Hacker News new | ask | show | jobs
by quilombodigital 1649 days ago
Through the years I have many times worked on this problem. I´ve worked with rake tasks when using ruby, and many times in java, with flyway and my own system. Database Migration is not a complicated problem, you just commit to the repository a sequence of SQL/code scripts to execute and keep at the database the current step. The big misconception people have is that they can "rollback" when an issue arises. The true fact is that when there is an issue, it happened because something not planned happened, and this can be spurious data in production, production environment differences, script errors, or whatever, and trying to rollback automatically in an undetermined state is just crazy. That´s why migrations must be always FORWARD, no matter what.

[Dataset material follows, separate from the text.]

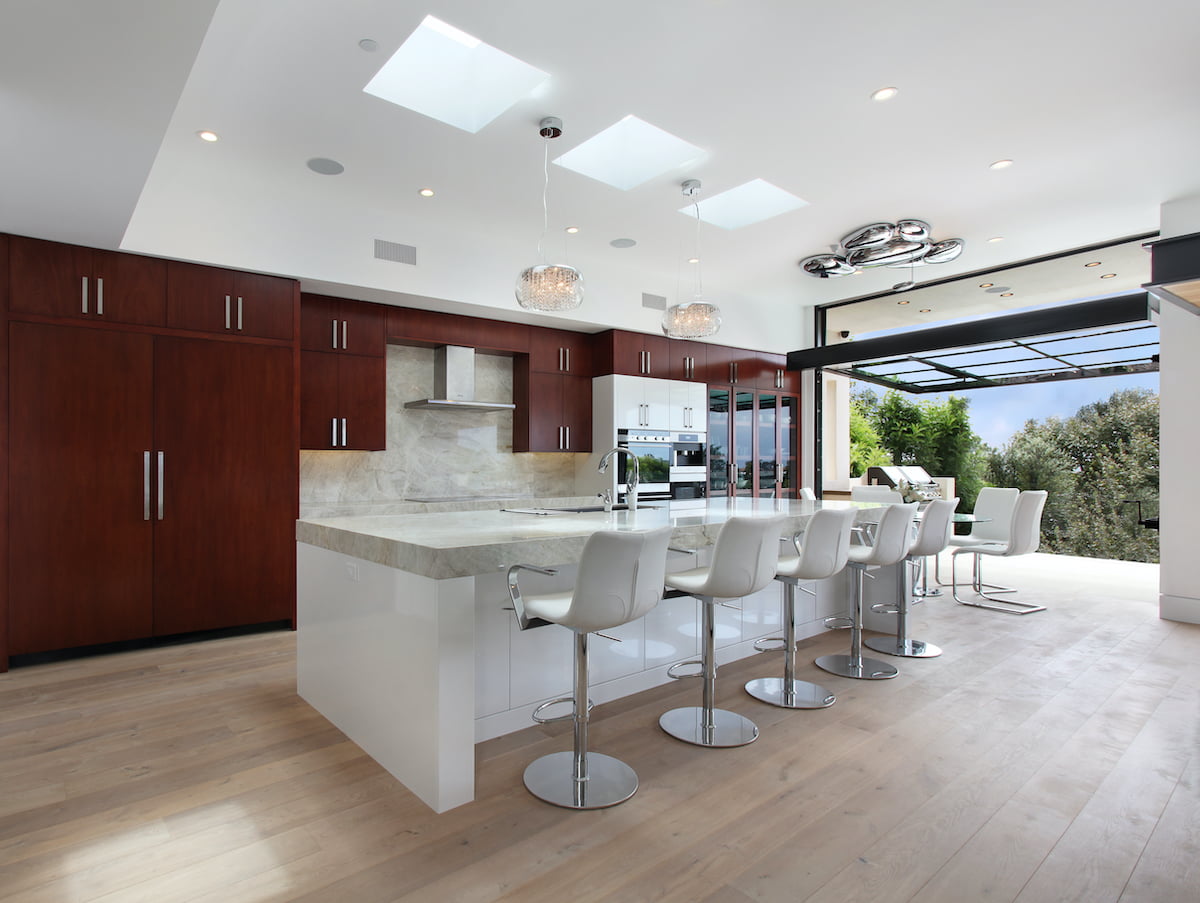 Dining space with Euroline glass door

You try to mitigate all risks, the best you can, by running the migration in test databases (the perfect scenario is to perform a test in a production data clone, but this is not usually possible) and if anything wrong happens, deal with it, fix the database by hand, make code patches, and after it is solved, try to figure out why this slipped through your QA.
2 comments

The difference is largely semantic in the sense that you're still going "forwards" with a down migration, but the important bit is that by calling it a rollback you're accepting that the up migration won't be run again if you ever completely tear down the database and start again. Suggesting that you only ever go forwards implies that you'd run the incorrect migration and the fix for it again in the future,but you wouldn't. Calling it a rollback captures that information.
It's not a semantic difference. If you rollback, that's not in the history. That's fine if the rollback perfectly reversed your original migration. But if it doesn't (developers make mistakes), now your database has reached a state that can't be reproduced by running migrations, defeating the entire point.

> Suggesting that you only ever go forwards implies that you'd run the incorrect migration and the fix for it again in the future,but you wouldn't.

I wrote a tool that specifically enforces this for my company, and it's worked well for the past four years in prod, staging and on a dozen dev environments, so I don't think your assertion is true.

> The big misconception people have is that they can "rollback" when an issue arises

I have reasonably working rollbacks, if things go sideways it takes only a few seconds to go undo the latest changes.

I guess this is exactly this misconception. The problem happens when you encounter a scenario where your rollback doesn't work. I.e.:

> when there is an issue, it happened because something not planned happened

In 12+ years it worked every time.

I understand it didn't work for you, but it does work for me.

I'm curious how you implemented this system.
In my SQL Server database I have a VERSION table with one row and one column that contains the current "version" of the database, and a DowngradeSteps table that keeps track of what needs to be done to undo the changes.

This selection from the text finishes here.